As we become increasingly aware of the value of our attention, it seems logical that “the rich or tech-savyy cord-cutters… [increasingly watch] commercial-free television on Netflix or Amazon, read eBooks or browse the web on an ad-blocked phone or computer.” The millennium generation has a “growing distaste for advertising and unprecedented willingness to pay for peace and quiet.” “As Michael Wolff points out, television, as a whole, [is] now reliant on subscription charges for 50 percent of its revenue, an unheard-of portion.” But, before you get too excited that this demonstrates we’ve come to our senses and society is eschewing the tired, commercial model, recall that we’ve been here before, several times. Through all of the uncertain transitions from newspapers to radio to television and to the Internet, the advertising industry has been “left for dead at least four separate times over the past hundred years.
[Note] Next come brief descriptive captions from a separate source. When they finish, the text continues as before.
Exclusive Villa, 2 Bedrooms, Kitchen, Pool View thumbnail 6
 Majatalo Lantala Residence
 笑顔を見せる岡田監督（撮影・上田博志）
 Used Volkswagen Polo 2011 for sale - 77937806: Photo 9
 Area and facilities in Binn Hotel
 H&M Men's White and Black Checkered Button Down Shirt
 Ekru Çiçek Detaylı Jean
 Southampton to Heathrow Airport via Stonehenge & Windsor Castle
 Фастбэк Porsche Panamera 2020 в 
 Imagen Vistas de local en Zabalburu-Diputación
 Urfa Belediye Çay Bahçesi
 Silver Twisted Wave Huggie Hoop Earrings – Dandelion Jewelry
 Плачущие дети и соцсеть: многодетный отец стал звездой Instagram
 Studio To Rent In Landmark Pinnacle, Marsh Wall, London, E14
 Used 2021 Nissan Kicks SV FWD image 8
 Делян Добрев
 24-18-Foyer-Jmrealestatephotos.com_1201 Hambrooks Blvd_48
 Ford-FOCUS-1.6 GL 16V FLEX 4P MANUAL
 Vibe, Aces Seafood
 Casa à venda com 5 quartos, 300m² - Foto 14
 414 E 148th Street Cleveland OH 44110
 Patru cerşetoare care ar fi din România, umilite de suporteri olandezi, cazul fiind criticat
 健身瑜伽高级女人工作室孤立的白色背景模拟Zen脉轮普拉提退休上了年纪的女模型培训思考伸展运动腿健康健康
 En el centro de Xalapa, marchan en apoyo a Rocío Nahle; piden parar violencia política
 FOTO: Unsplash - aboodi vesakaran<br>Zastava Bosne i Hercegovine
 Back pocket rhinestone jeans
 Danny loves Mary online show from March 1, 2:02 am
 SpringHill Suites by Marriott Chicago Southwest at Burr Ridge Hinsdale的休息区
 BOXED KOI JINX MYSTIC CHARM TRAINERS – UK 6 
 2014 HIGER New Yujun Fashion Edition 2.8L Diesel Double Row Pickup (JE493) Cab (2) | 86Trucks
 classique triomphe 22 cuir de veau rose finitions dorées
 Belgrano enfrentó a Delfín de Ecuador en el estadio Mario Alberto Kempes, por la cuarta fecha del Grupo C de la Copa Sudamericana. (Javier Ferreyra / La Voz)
Again and again, it has seemed as if the party was over, that consumers had fled once and for all, and yet the attention merchants have always found a way to overgrow the bright new machines that seemed to be hacking their way through the old-growth foliage.” And, given the highly addictive nature of the new technologies they get to play with, such as the consumer’s need to check email, get social media updates, satisfy their curiosity when confronted with a juicy “clickbait” headline, or just while away some boredom on a subway car or in a dentist’s waiting room, the attention merchants seem to have little difficulty finding new ways to keep us hooked, for their benefit.

Conclusion

“Free apps” and free television shows aren’t free. They come at a price. The price is your attention. Attention that could otherwise be devoted to family, friendship, personal development, exercise or the like, gets siphoned away, often in 30-seconds increments at a time, in the hopes that you’ll come to think more positively about the commercial products placed into your sphere of consciousness.

Tim Wu has written an excellent book. It is as much a review of the history and evolution of these various entertainment mediums as it is a review of the advertising industry which has operated within them. And his book covers so many more topics than the surface I’ve scratched here. I highly recommend this book if the topic is of interest to you.